The researchers believe that the process could be the first step towards producing products, such as flat-pack furniture, which could assume its final shape with the help of a heat gun.
Created using an inexpensive 3D printer, the plastic items that include a rose, a boat and a bunny, are assembled by taking advantage of the warpage that can occur after printing. While warpage is typically considered a defect, the Morphing Matter Lab has turned it into an advantage.
The process has been named Thermorph.
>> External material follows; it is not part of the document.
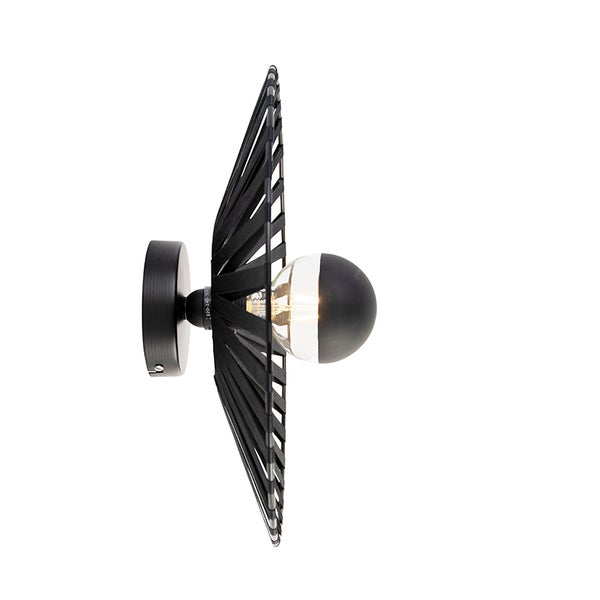 Moderne Wandleuchte aus schwarzem Metall mit fächerförmigen Streben und dekorativem Leuchtmittel.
It uses an FDM printer, which works by laying down a continuous filament of melted thermoplastic.
These materials contain residual stress and, as the material cools and the stress is relieved, the thermoplastic tends to contract, which can sometimes result in warped edges and surfaces.
By varying the speed at which the filament is deposited and combining warp-prone materials with rubber-like materials that resist contracture, the team were able to precisely control the process.
"Though we used a 3D printer with standard hardware, we replaced the machine's open source software with our own code that automatically calculates the print speed and patterns necessary to achieve particular folding angles," said the research team.
"The software is based on new curve-folding theory representing banding motions of curved area," they continued.
The objects emerge from the 3D printer as flat, hard plastic, but when they are placed in hot water the folding process is triggered.
The researchers believe that the technology could also be used to print larger self-folding structures such as chairs, boats, satellites or even emergency shelters that could be shipped flat and folded into shape under the warmth of the sun.
"Through an interactive, end-to-end design system, we wanted to see how self-assembly could be made more democratic," the team concluded.
Led by Lining Yao, assistant professor in the Human-Computer Interaction Institute and director of the Morphing Matter Lab, the group's research was presented at the Conference on Human Factors in Computing Systems earlier this week in Montreal.
Other researchers to explore self-folding technologies include MIT Media Lab's Tangible Media Group, whose Aeromorph inflatables fold themselves from flat sheets into complex origami. Meanwhile, another group of researchers at MIT created a new material called Active Auxetic that expands and contracts when exposed to different temperatures.